A bit heavy-handed perhaps, but it’s hard to blame Happy Sugar Life for it. Shows about cute girls being happy. There’s no hook in an opening like that; no, Happy Sugar Life knows that i has to sell itself on the crazy yandere. That’s why you’re here and that’s why I’m here. But I hope that Happy Sugar Life is not tempted into pushing that angle too hard. Just as a purely sweet anime is not particularly interesting, neither is a completely bitter one. Instead, Happy Sugar Life is a story of juxtapositions, balancing its darkness and its light against each other to make us question both. Consider all that is in conflict in this episode: the unhinged, Shaft OP against a gentle ED. The pastel palette and soft designs against the adult themes. Even the main characters, Matsuzaka Satou (Hanazawa Kana) and Koube Shio (Kuno Misaki) play against each other, with the former’s name being a homophone for sugar and the latter’s being one for salt. And, of course, they are themselves in conflict with their world, with their seemingly pure relationship at odds with cynical reality.

Why did Romeo and Juliet ultimately have to die in their play? Part of it was the Montague/Capulet rivalry meaning that their love could never be. Part of it was sheer coincidence. Part of it was that they were naïve teenagers and bungled everything. In comparison, how is Happy Sugar Life going to go? Satou is evidently, no fool, and not so naïve that she is not above some pragmatic villainy of her own in the face of evil. And while I may refer to her as a ‘crazy yandere’, is she actually insane? Or does she simply have a purity of vision, and it is the world that has gone mad? I think that will be an ever present question throughout Happy Sugar Life. In Romeo and Juliet, pure, naïve love is celebrated, brings peace to warring houses, and is triumphant beyond death. Happy Sugar Life simply takes that to the extreme. Satou’s love is pure, uncut, straight the to brain. And perhaps ‘pure’ does not always ‘good’.


ED Sequence




  1. This show kinda reminds me of the high school girl zombie show (School Live) a few years back. Three girls, a dog, and a teacher are trapped in the school with a zombie apocalypse going on outside the school. On the surface it seemed like cute girls doing cute things but in reality as the series moved forward you found out how bad and heartbreaking it really was.

  2. This is one of my most anticipated shows this season. The cold open was a real surprise, though. The appeal to the dramatic prologue and how it focuses the viewer on the journey rather than the destination is well made, but actually the Folio edition of Romeo and Juliet has no prologue.

    Anyway, the problem for me with that type of opening is that it is shutting down the possibilities right from the start. There’s no wondering now for the audience about how the story could go or how it will end up. Instead of being shown a game of chess from start to finish, it’s like being shown the endgame and now you have to work out how it got there.

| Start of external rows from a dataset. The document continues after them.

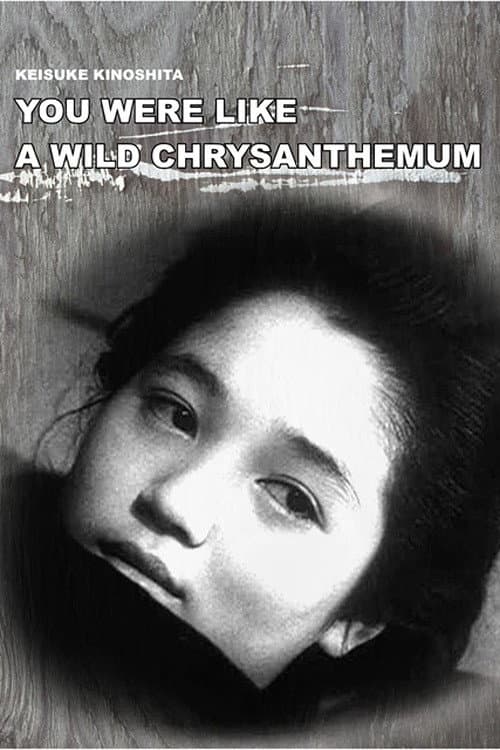 You Were Like a Wild Chrysanthemum poster
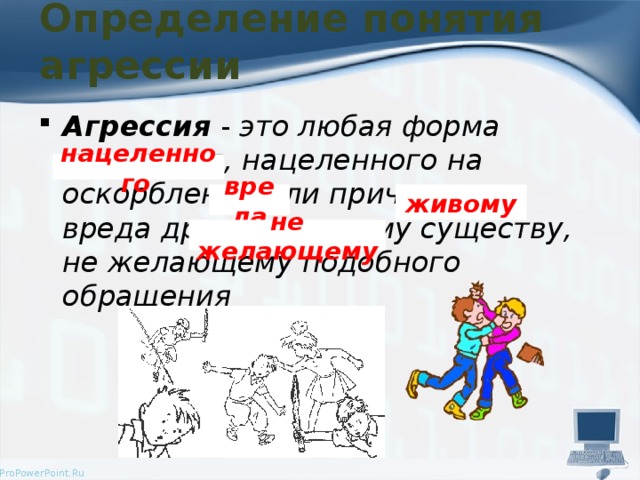 Определение понятия агрессии Агрессия - это любая форма поведения, нацеленного на оскорбление или причинение вреда другому живому существу, не желающему подобного обращения нацеленного  вреда живому не  желающему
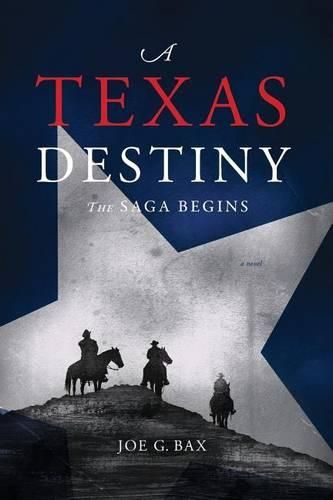 Cover image for A Texas Destiny: The Saga Begins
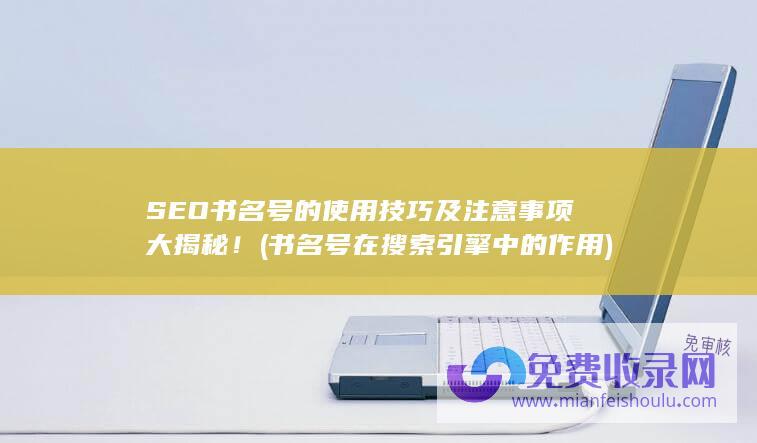 SEO书名号的使用技巧及注意事项大揭秘！ (书名号在搜索引擎中的作用)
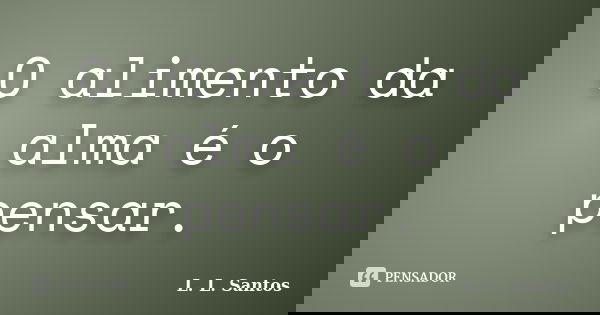 O alimento da alma é o pensar.... Frase de L. L. Santos.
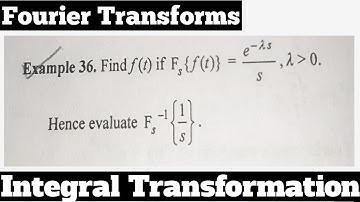 28. Inverse Fourier Sine Transform - Most Important Example#21 - Complete Concept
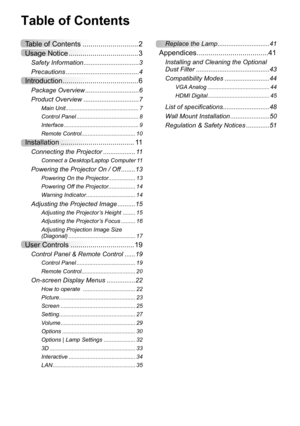 Page 2Table of Contents ............................2
Usage Notice
 ................................... 3
Safety Information ...............................3
Precautions
 ......................................... 4
Introduction ......................................6
Package Overview ..............................6
Product Overview
 ............................... 7
Main Unit .............................................. 7
Control Panel
 ....................................... 8
Interface...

    If you’re going to do something like that, then do it like SukaSuka where you are shown the ending right at the start, but you don’t fully understand what you are seeing. It’s only as you become acquainted with the mechanics of that world and the Fairy Gate that you slowly begin to realise what it is that you saw. Still, maybe we don’t fully understand what were are seeing here as well, then the actual ending will be even more unexpected.

      1. And I would absolutely agree those statements about classical tragedy. With Shakespeare and his contemporaries, you knew as a potential viewer that something was a tragedy right from the start because it was in the title. With modern drama, though, and with anime in general that’s not based on historical facts, you don’t know that for sure at the start, especially if you aren’t familiar with the source material.

        When I watch something I’m not familiar with, I like to be in the box with the cat because the possibilities of a happy or sad ending both exist at the same time. Unless you tell me right from the beginning exactly how it will end, of course!

        Well, by the end of the first episode it’s absolutely clear that Satou and Shio aren’t going to grow old together, but I still wish I didn’t know what would be the cause of that. Would Hamlet have been as good a play if it had started off with the stage full of bodies? We shall never know.